Problem description
What is needed is an exact copy of the records below, with the pictures left out.
--------------------------------------------------
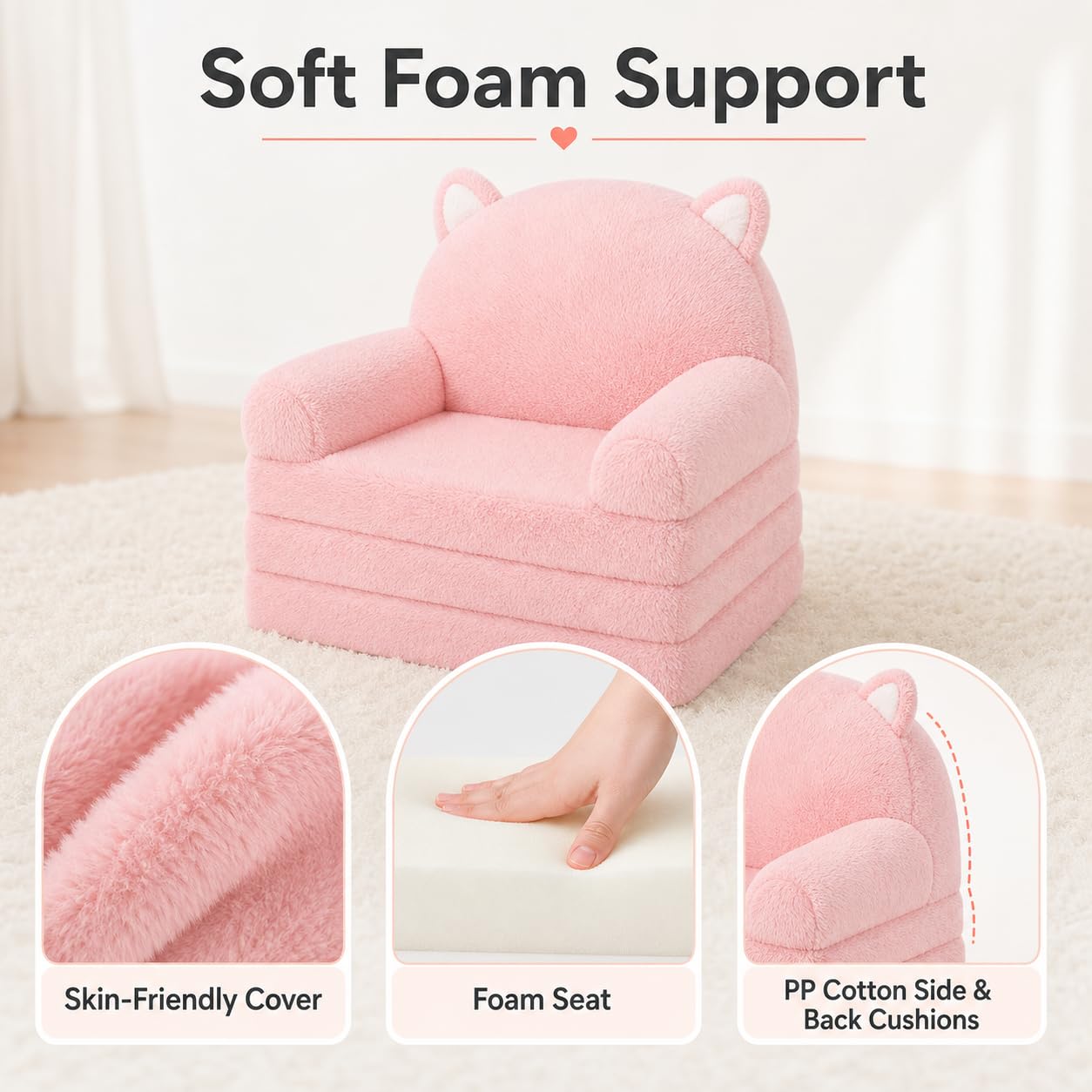 MONKISS Kids Couch, Comfy Toddler Chair, 2 in 1 Fold Out Kids Sofa, Baby Sitting Chair with Washable Cover, Toddler Furniture for Reading, TV and Playroom, Birthday Gift for Girls, 1-4 Years Old, Pink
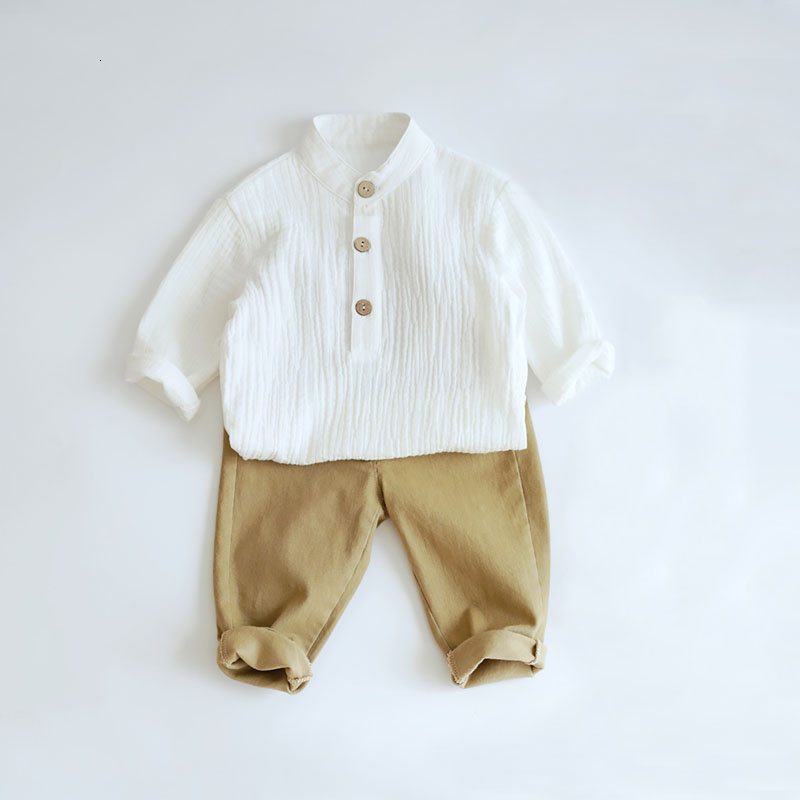 

Pajamas Infant Baby Boy Girl Clothes Set For Party Long Sleeve Shirts Pant Toddler Kids Spring 230217, 1 gray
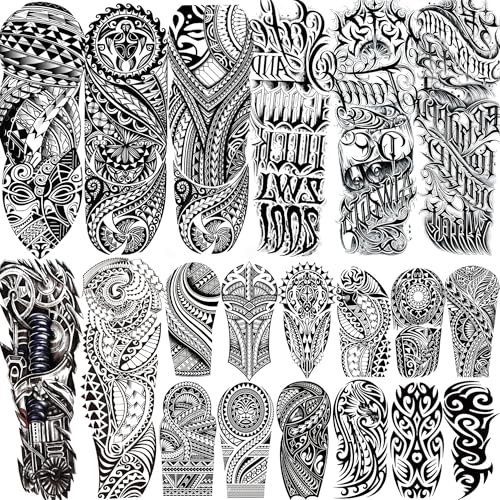 20 Sheets Cool Tirbal Maori Full Arm Temporary Tattoos For Men Adults Thigh, Black Totem Armband Robot Arm Letter Fake Sleeve Tattoos For Women, Bulk 3D Halloween Tattoo Stickers Loyalty Faith
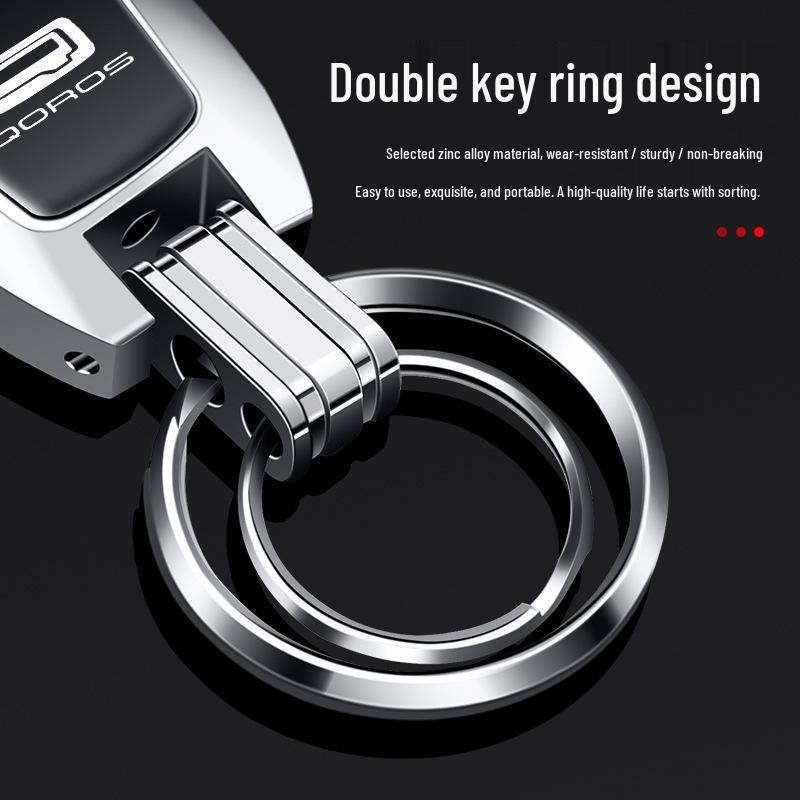 Zinc Alloy Keychain Pendant for Qoros 3, 5, and 7 - Car Accessories and Anti-Lost Keyring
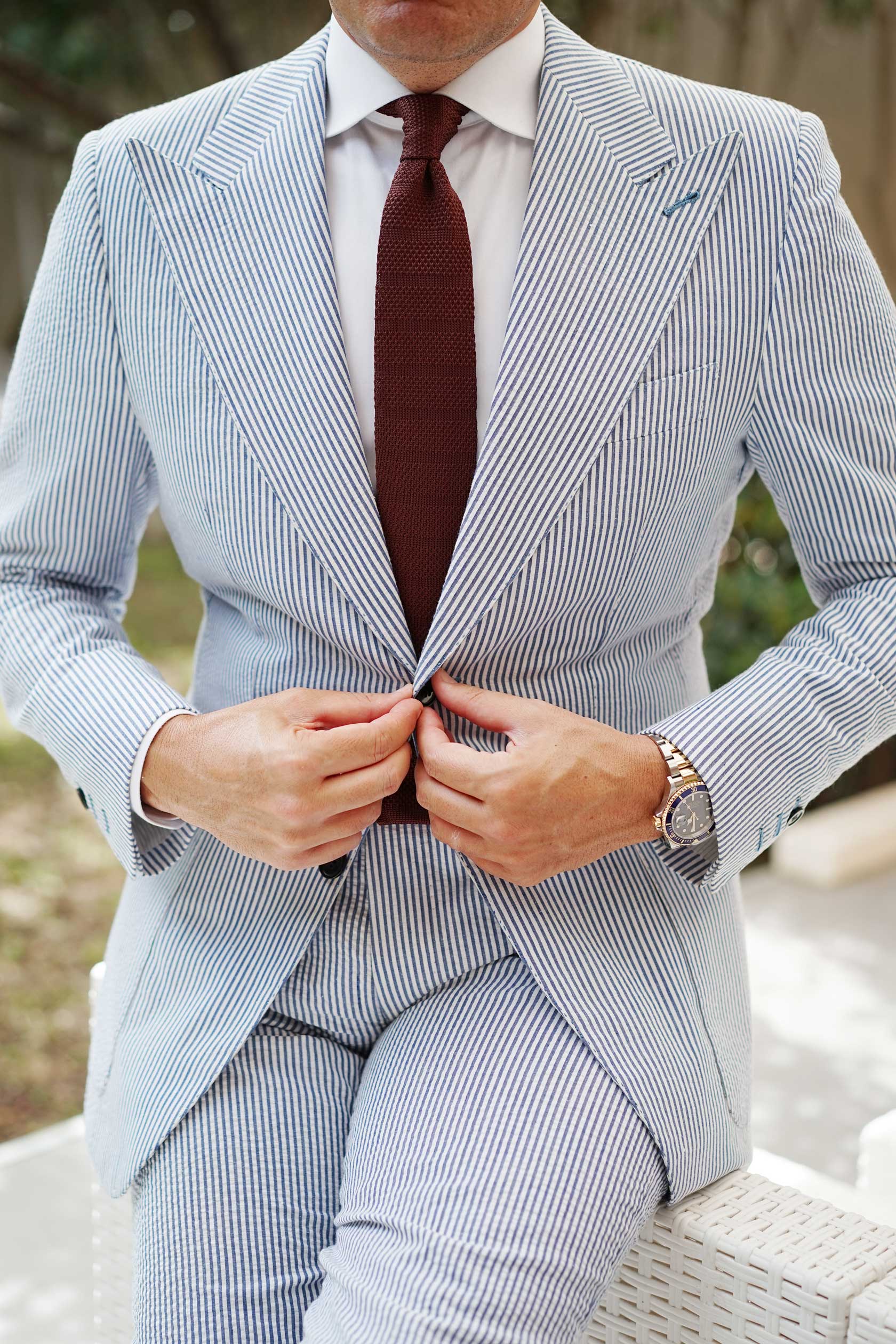 Nottingham Brown Knitted Tie - Image 4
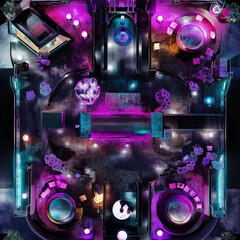 Cyberpunk Battle Map for Tabletop RPGs, Detailed Top-Down Sci-Fi Map for DnD, Urban Adventure Background for Virtual Tabletop Play, Futuristic City with Neon Lights and Dystopian Vibes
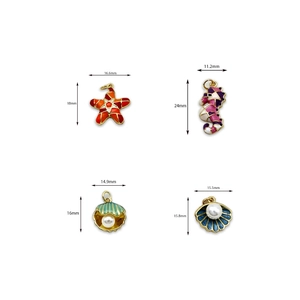 18K gold plated marine sea shell and starfish charms for jewelry making DIY sets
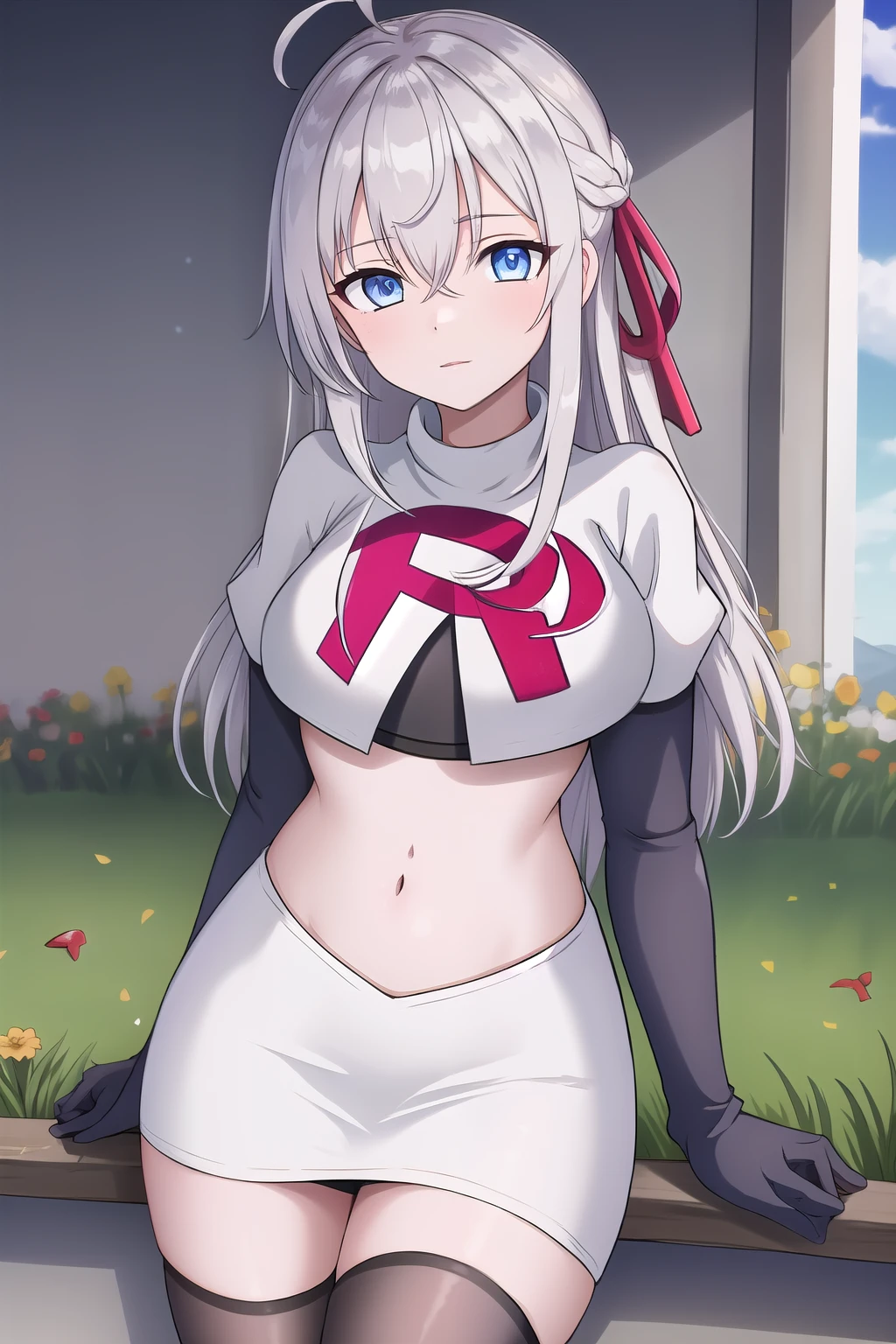 alisa,1girl,solo,long_hair,looking_at_viewer,bangs,blue_eyes,hair_between_eyes,hair_ribbon,ahoge,grey_hair,team rocket,team rocket uniform,white skirt,red letter R,crop top,black thigh-highs,black elbow gloves,flower_field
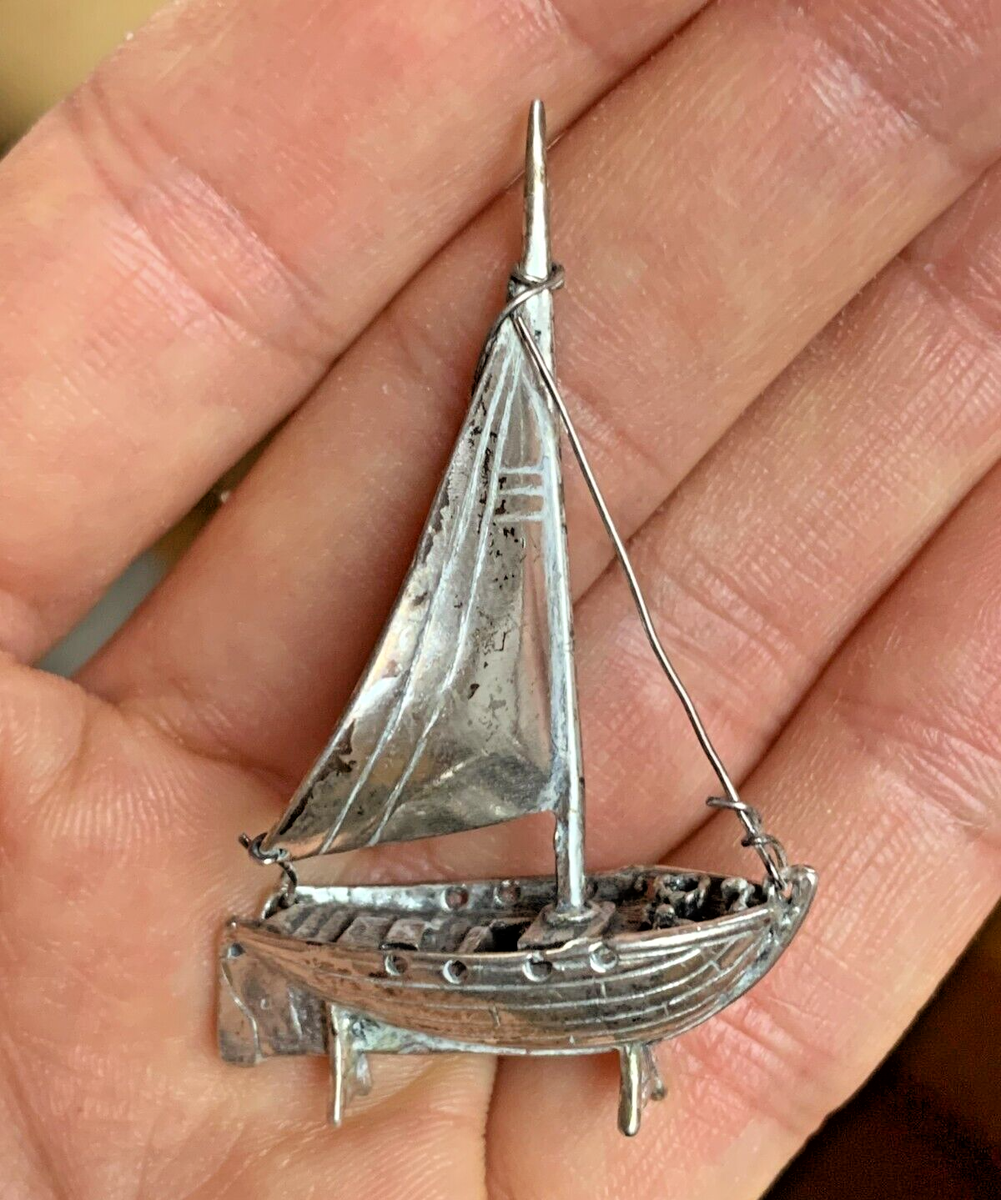 Handmade .800 Solid Silver Miniature Model Fishing Sailing Boat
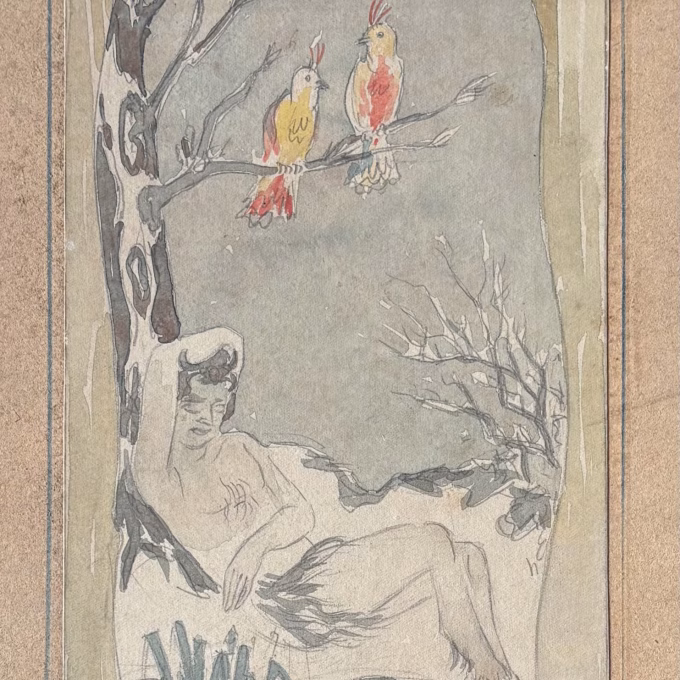 Sater, aquarel, kunst Pieter den Besten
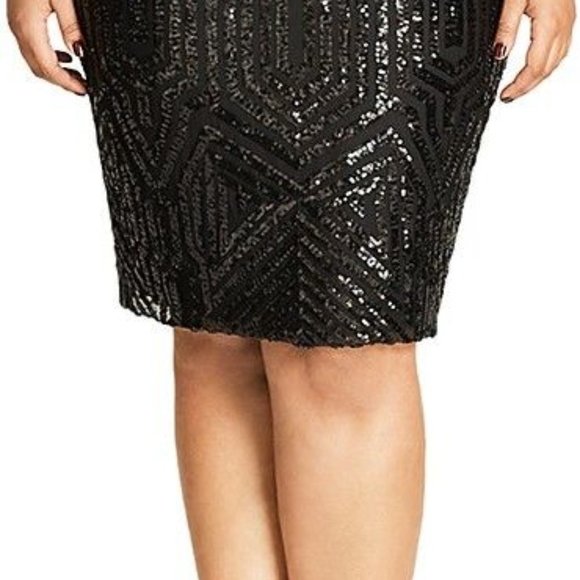 City Chic Sequin Skirt - Picture 3 of 3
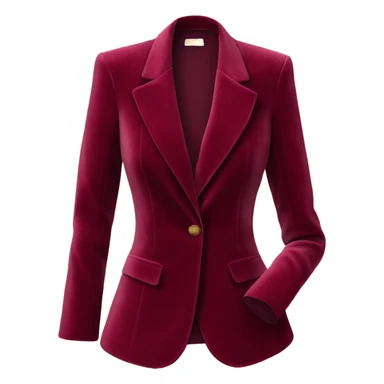 Realistic isolated open wine color velvet feminine fashion blazer jacket.  sticker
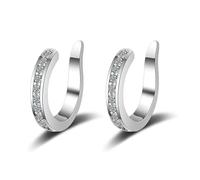Fixura Ear Clips, Ear Cuff Earrings for Women, Sparkling Cubic Zirconia Huggie Cuff, Adjustable Fake Earrings (Silver-1 Pair)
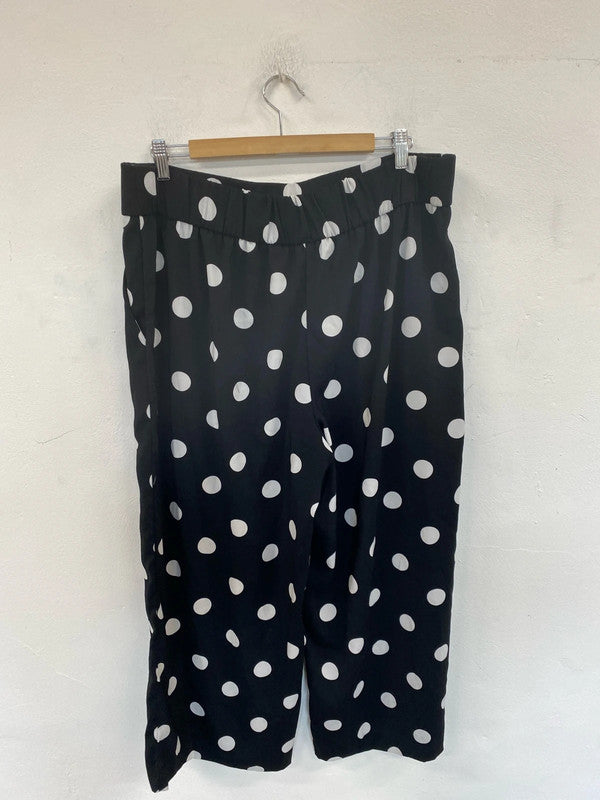Zara Fabulous Black & White Polkadot Wide Leg Trousers UK 16 LB010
--------------------------------------------------
Solution to this exercise
 MONKISS Kids Couch, Comfy Toddler Chair, 2 in 1 Fold Out Kids Sofa, Baby Sitting Chair with Washable Cover, Toddler Furniture for Reading, TV and Playroom, Birthday Gift for Girls, 1-4 Years Old, Pink

Pajamas Infant Baby Boy Girl Clothes Set For Party Long Sleeve Shirts Pant Toddler Kids Spring 230217, 1 gray
 20 Sheets Cool Tirbal Maori Full Arm Temporary Tattoos For Men Adults Thigh, Black Totem Armband Robot Arm Letter Fake Sleeve Tattoos For Women, Bulk 3D Halloween Tattoo Stickers Loyalty Faith
 Zinc Alloy Keychain Pendant for Qoros 3, 5, and 7 - Car Accessories and Anti-Lost Keyring
 Nottingham Brown Knitted Tie - Image 4
 Cyberpunk Battle Map for Tabletop RPGs, Detailed Top-Down Sci-Fi Map for DnD, Urban Adventure Background for Virtual Tabletop Play, Futuristic City with Neon Lights and Dystopian Vibes
 18K gold plated marine sea shell and starfish charms for jewelry making DIY sets
 alisa,1girl,solo,long_hair,looking_at_viewer,bangs,blue_eyes,hair_between_eyes,hair_ribbon,ahoge,grey_hair,team rocket,team rocket uniform,white skirt,red letter R,crop top,black thigh-highs,black elbow gloves,flower_field
 Handmade .800 Solid Silver Miniature Model Fishing Sailing Boat
 Sater, aquarel, kunst Pieter den Besten
 City Chic Sequin Skirt - Picture 3 of 3
 Realistic isolated open wine color velvet feminine fashion blazer jacket.  sticker
Fixura Ear Clips, Ear Cuff Earrings for Women, Sparkling Cubic Zirconia Huggie Cuff, Adjustable Fake Earrings (Silver-1 Pair)
Zara Fabulous Black & White Polkadot Wide Leg Trousers UK 16 LB010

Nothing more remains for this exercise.